• **PROBLEM STATEMENT**: Below are some records. Write out exactly their lines from the one with "Cute cat Video stock 265080845" through the one with "Red - Brindle", and leave the pictures behind.

• **DATASET CONTENT**:
"""

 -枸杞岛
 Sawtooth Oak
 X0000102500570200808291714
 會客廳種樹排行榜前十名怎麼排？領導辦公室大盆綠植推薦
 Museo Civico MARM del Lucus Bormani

"""
"""

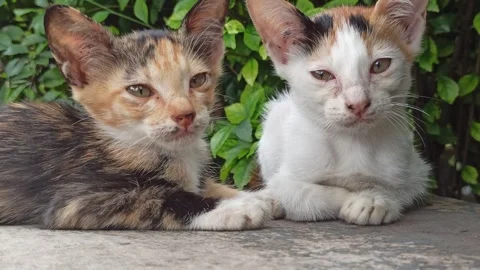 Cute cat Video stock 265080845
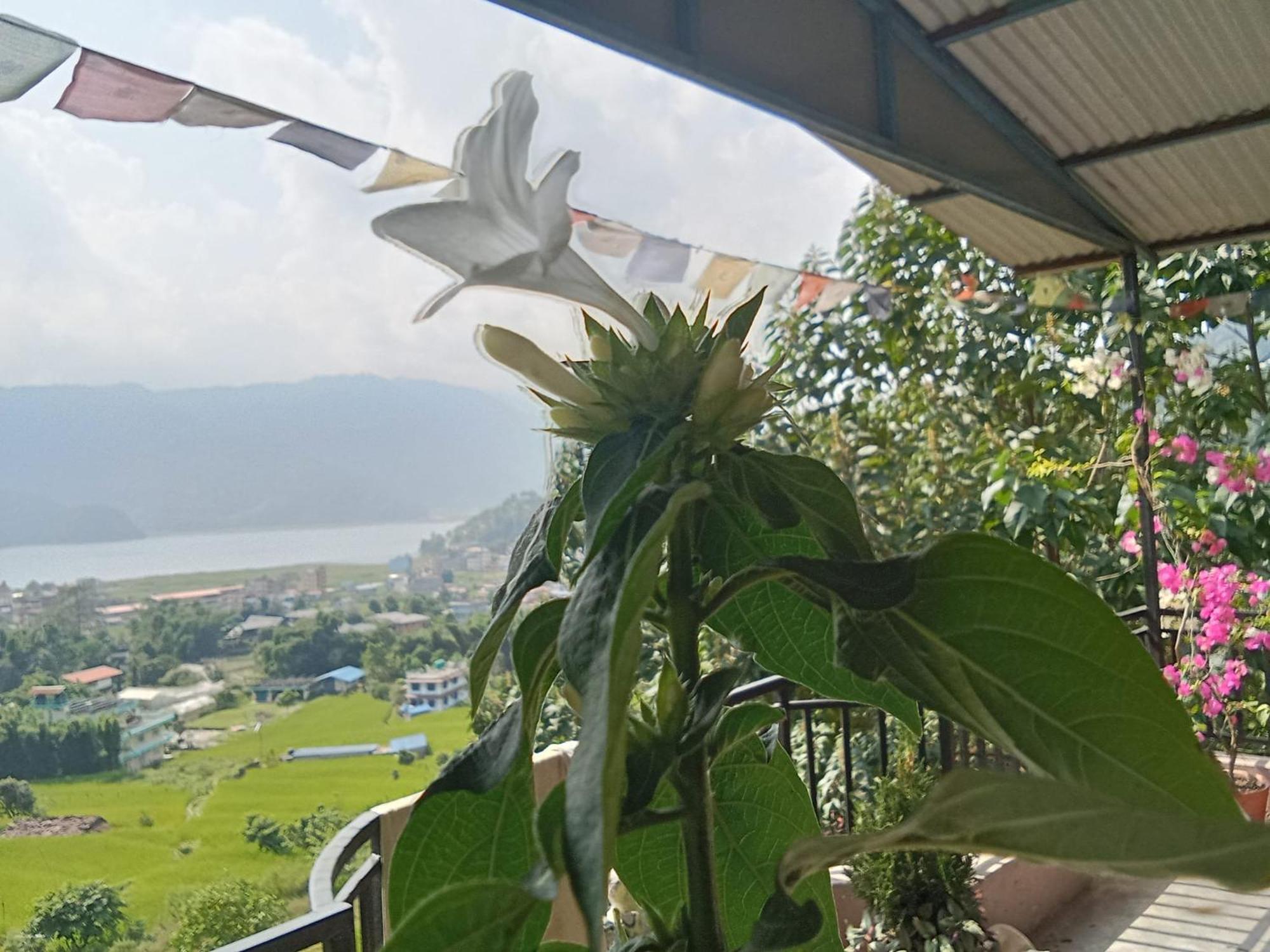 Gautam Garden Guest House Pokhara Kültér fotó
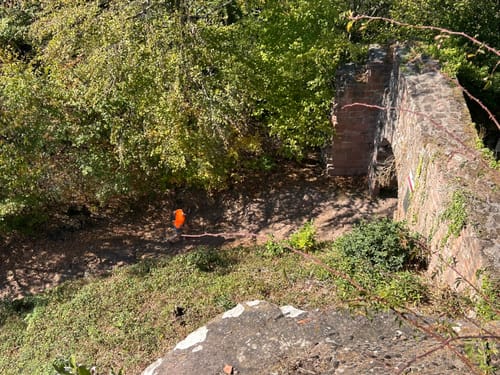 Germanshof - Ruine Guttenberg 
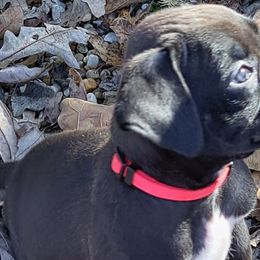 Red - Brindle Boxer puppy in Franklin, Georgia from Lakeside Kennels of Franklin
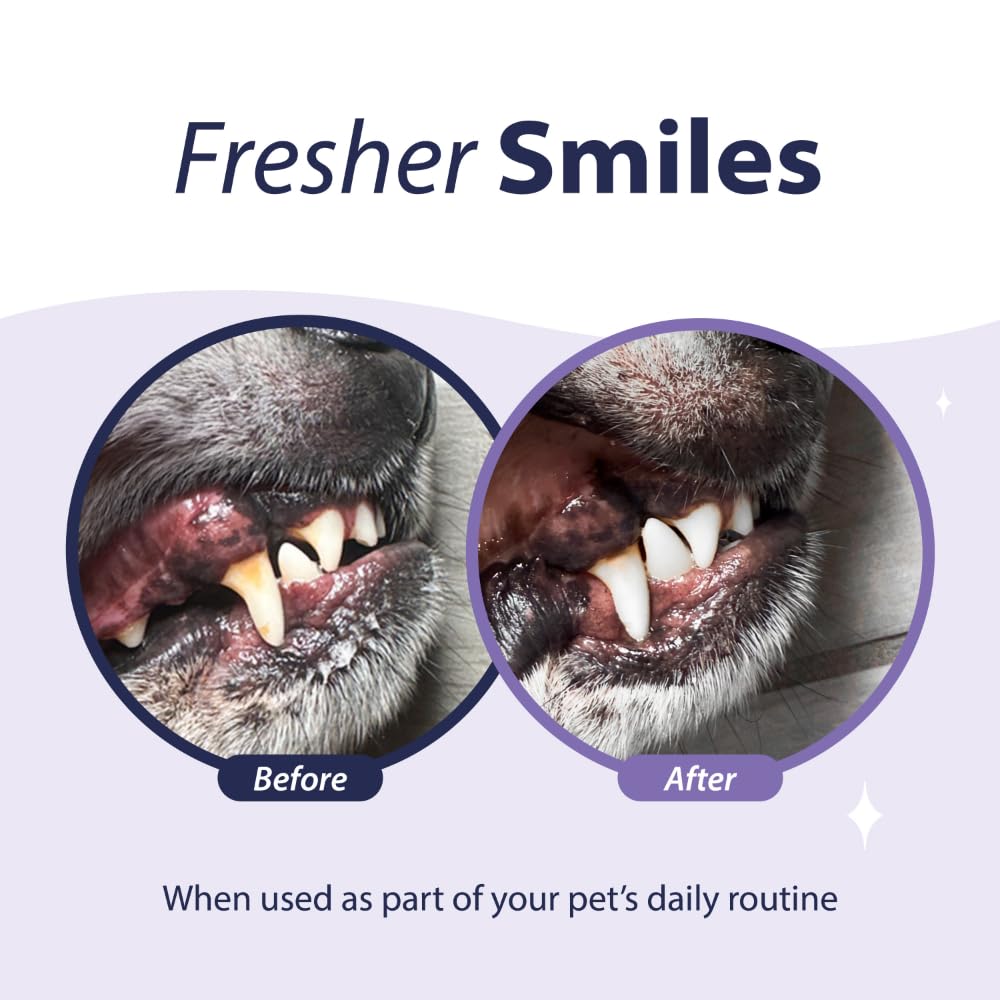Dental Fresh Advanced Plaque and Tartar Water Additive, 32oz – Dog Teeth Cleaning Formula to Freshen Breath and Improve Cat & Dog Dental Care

"""
"""

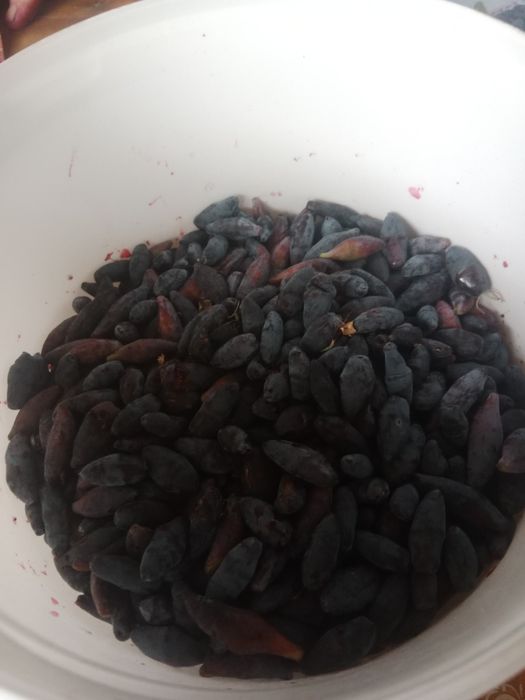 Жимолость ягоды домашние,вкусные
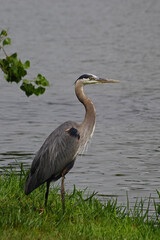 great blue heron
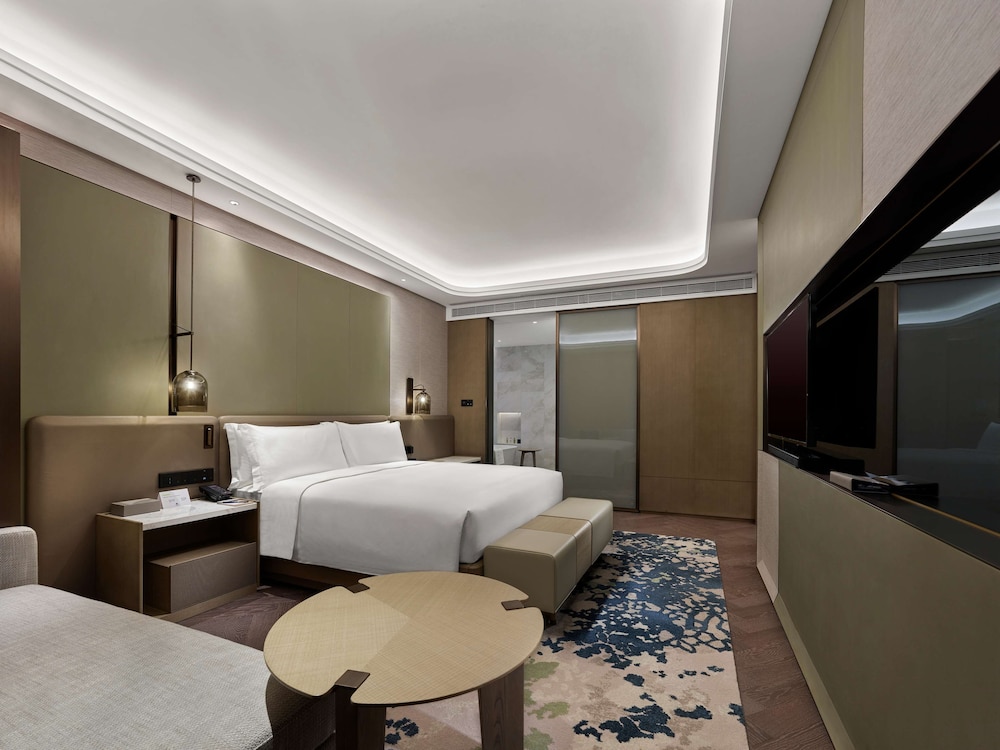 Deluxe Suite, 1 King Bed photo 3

"""

• **WRITTEN SOLUTION**:
 Cute cat Video stock 265080845
 Gautam Garden Guest House Pokhara Kültér fotó
 Germanshof - Ruine Guttenberg 
 Red - Brindle Boxer puppy in Franklin, Georgia from Lakeside Kennels of Franklin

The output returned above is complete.